Jakarta, Gatra.com - Suku Sakai, sekumpulan masyarakat yang terasing dan hidup masih secara tradisional dan nomaden di pedalaman Riau. Suku ini biasanya hidup menjauhkan diri dari kehidupan masyarakat yang luas. Namun di Festival Masyarakat Adat 2019 di Taman Ismail Marzuki, Suku Sakai turut hadir dan memeriahkan festival.
Eli Rosmi Lindai, perempuan paruh baya berusia 65 tahun adalah perempuan adat Suku Sakai. Saat ditemui Gatra.com, Eli tengah mengunyah makanan dari tas anyaman bambu sambil menghisap sebatang rokok. Makanan yang sedang dikunyah olehnya adalah makanan tradisional bernama "menggalo mersik" olahan dari ubi menggalo atau ubi racun.

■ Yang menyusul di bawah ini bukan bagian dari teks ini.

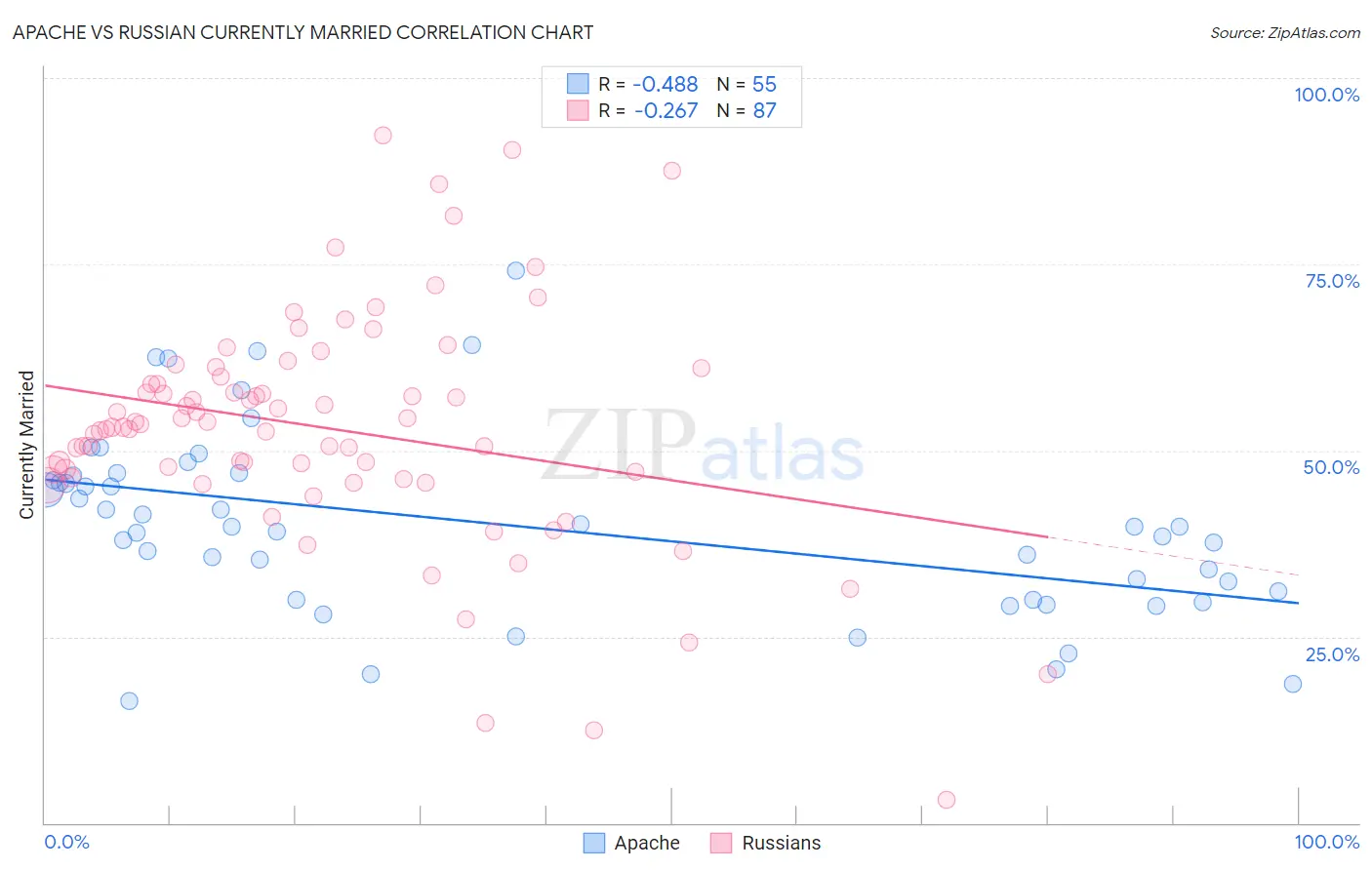 Apache vs Russian Currently Married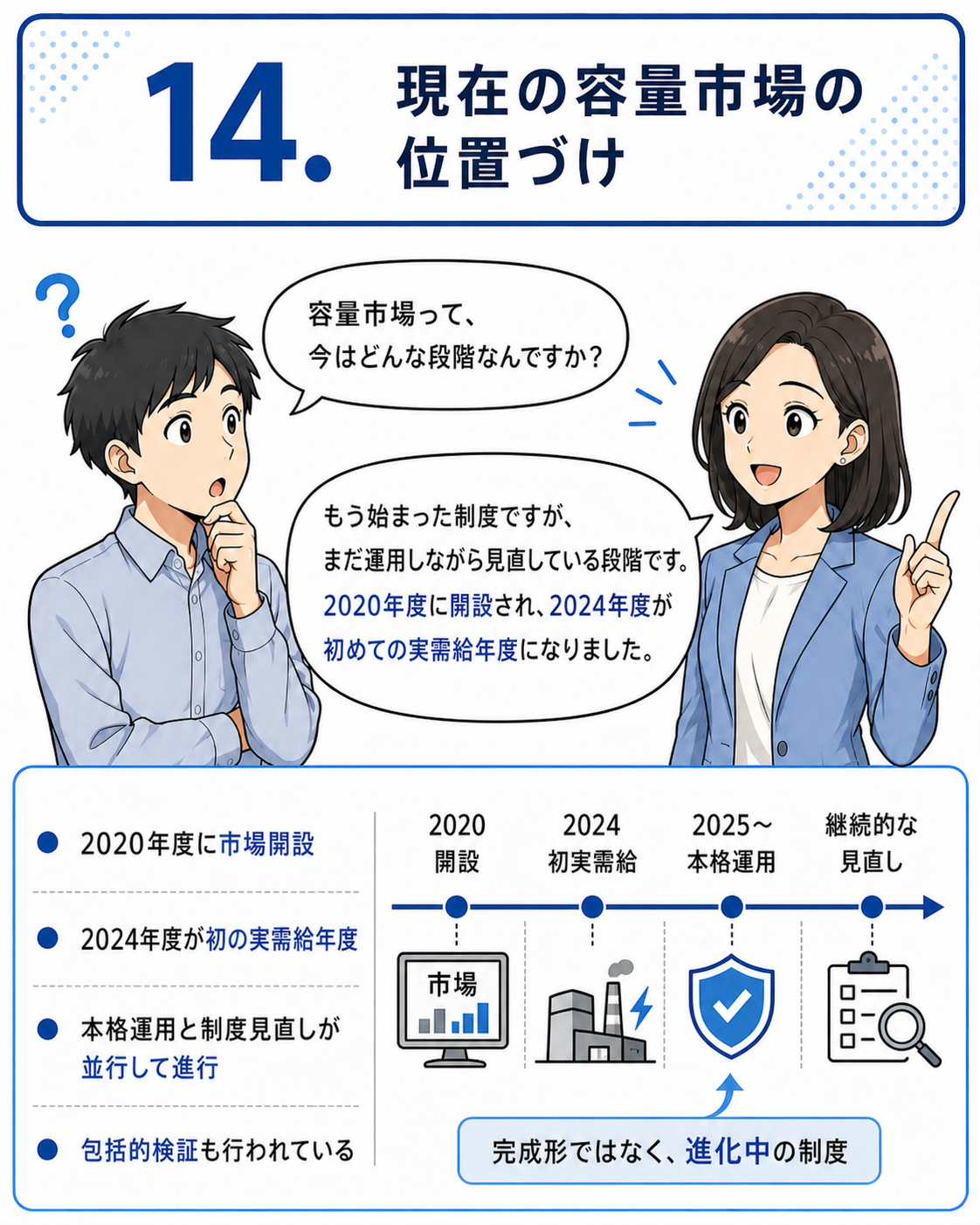 容量市場メインオークション 漫画 14ページ目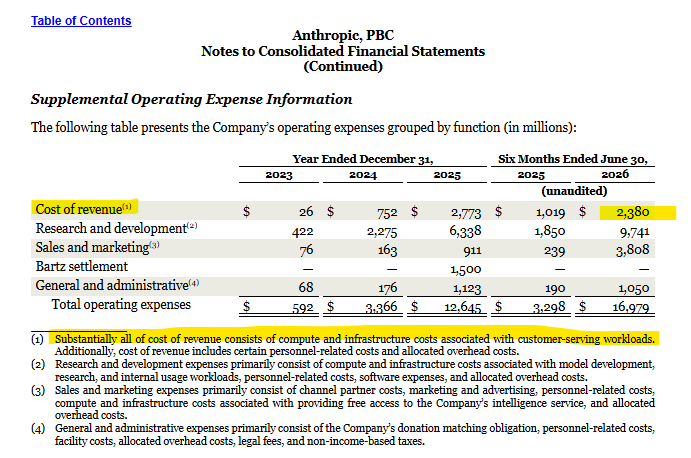 The_Analyst_Lab's tweet photo. The $2.38bn figure is cost of revenue, which Anthropic says consists almost entirely of compute and infrastructure for serving customers. The $8.945bn figure is total compute and infrastructure expense recognised in H1 2026. Dividing the two gives you 26.6%. You should back out the small non-compute component of cost of revenue and add free-tier serving costs if you want to include non-paying users. Neither adjustment is separately disclosed, but the broad point holds, which is that roughly a quarter of compute spending goes towards serving paying customers, with roughly three quarters covering model development, research, internal use and free-tier access.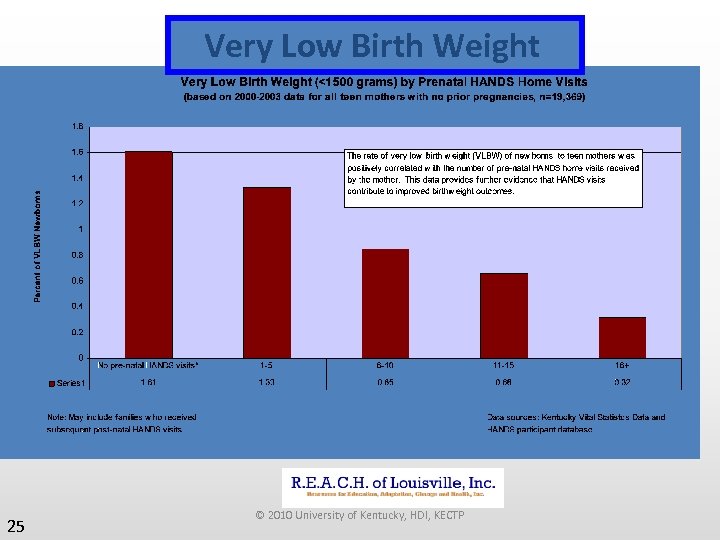 Very Low Birth Weight 25 © 2010 University of Kentucky, HDI, KECTP 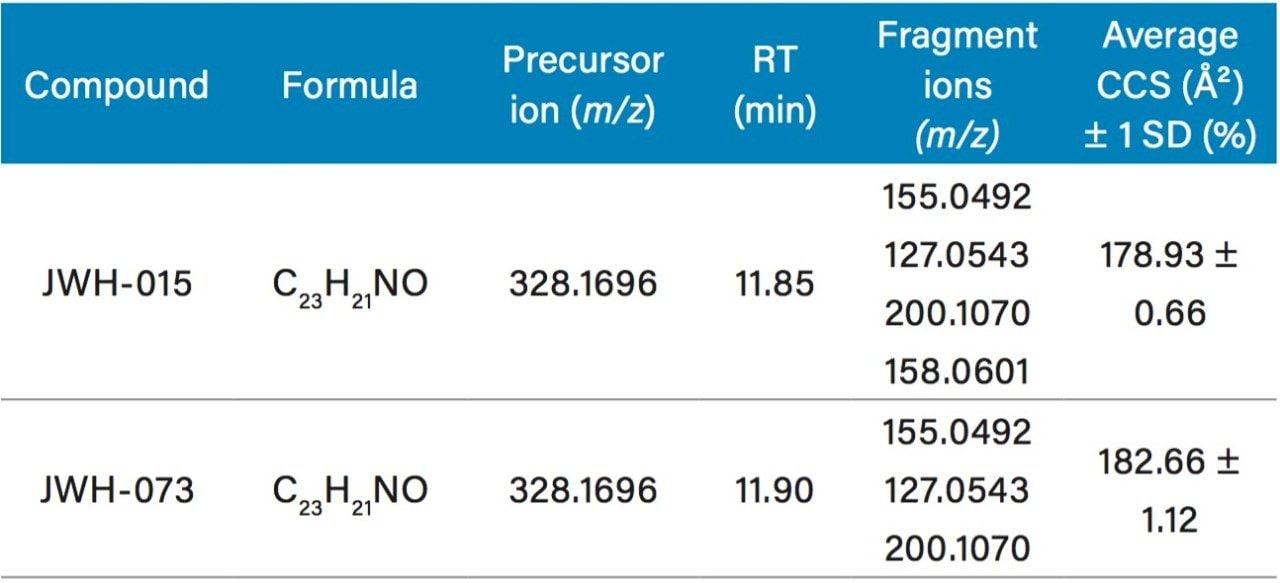 Average CCS values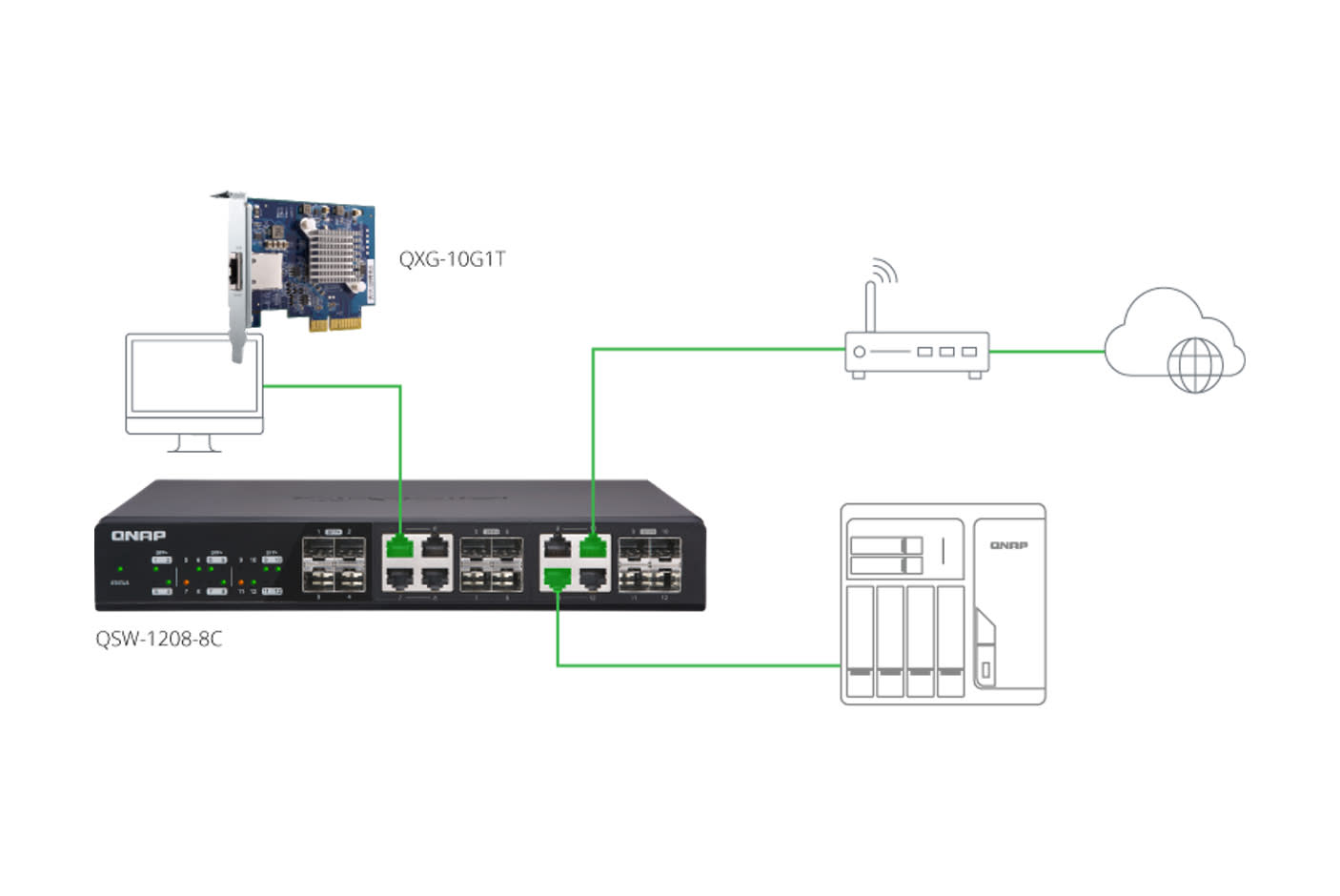 4134303-Tile-7-10GbE-Switch
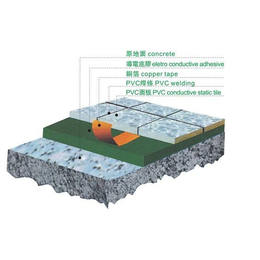 惠州供应 无边防静电地板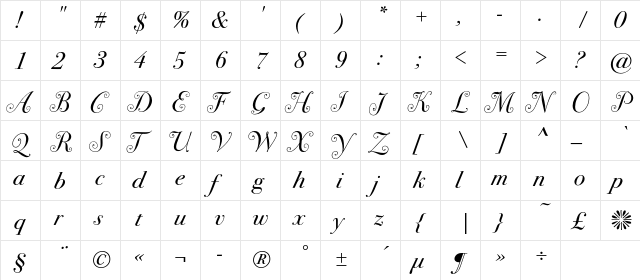 Bodoni72SwashC Regular  glyph index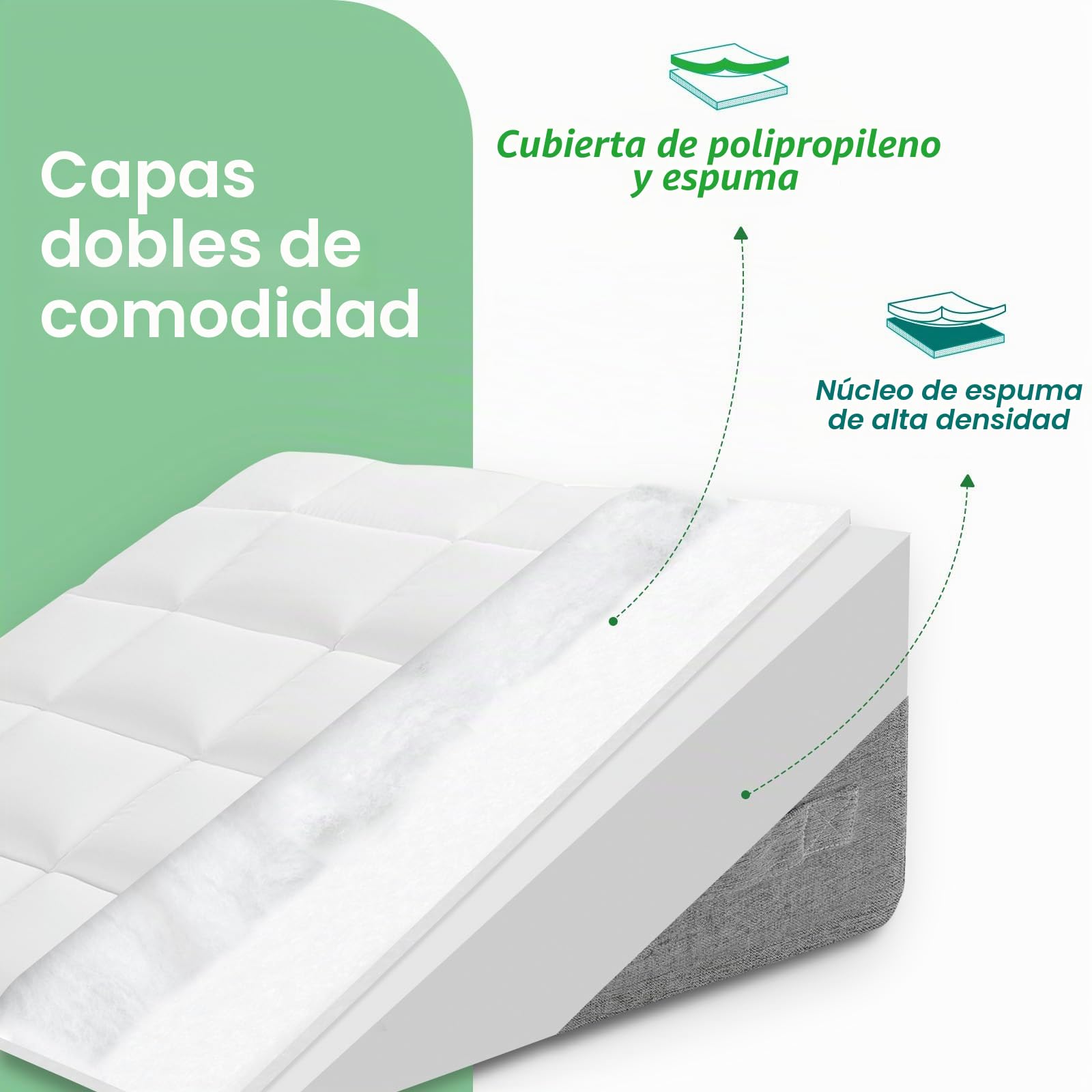 HOMCA Almohada de Cuña para Sofá y Cama | Cojín de Lectura, Cojín Inclinado para Elevación de Las Piernas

Eli menuturkan, menggalo mersik merupakan makanan utama dari Suku Sakai. Proses pembuatan menggalo mersik ini cukup panjang, dijelaskan oleh Eli, Ubi dibersihkan, direndam selama kurang lebih tiga hari, diparut, diperas, kemudian dikeringkan dan disangrai. Hasilnya, berupa serbuk yang cukup menyerupai kerak nasi ataupun tepung kasar.
Cita rasa Menggalo agak hambar dan agak apek. Bisa disimpan dalam jangka waktu yang lama. Pertanggungjawaban pembuatan dan penyimpanan menggalo ini oleh kaum perempuan.
Eli menjelaskan, memakan menggalo lebih nikmat bila dicampur dengan gula merah cair. Menggalo merupakan makanan pokok dari Suku Sakai. Bahkan, Eli mengatakan, bila tidak makan menggalo tidak merasa kenyang. Kebalikan dengan orang Indonesia pada umumnya yang mengatakan bila tidak makan nasi tidak kenyang.
"Kami walaupun banyak beras tetap harus ada ini. Nanti gak kenyang," kata Eli di Taman Ismail Marzuki, Jakarta Pusat, Minggu (11/8).
Di stannya ini, Eli juga turut membawa beberapa perlengkapan yang sering digunakan oleh suku sakai seperti alat penangkap ikan tradisioanal, tas dari kulit kayu, anyaman bambu, dan peralatan pengolah menggalo.
"Ada bubu [alat penangkap ikan], ada tas dari kulit kayu tow, parutan menggalo, anyaman," kata Eli lagi.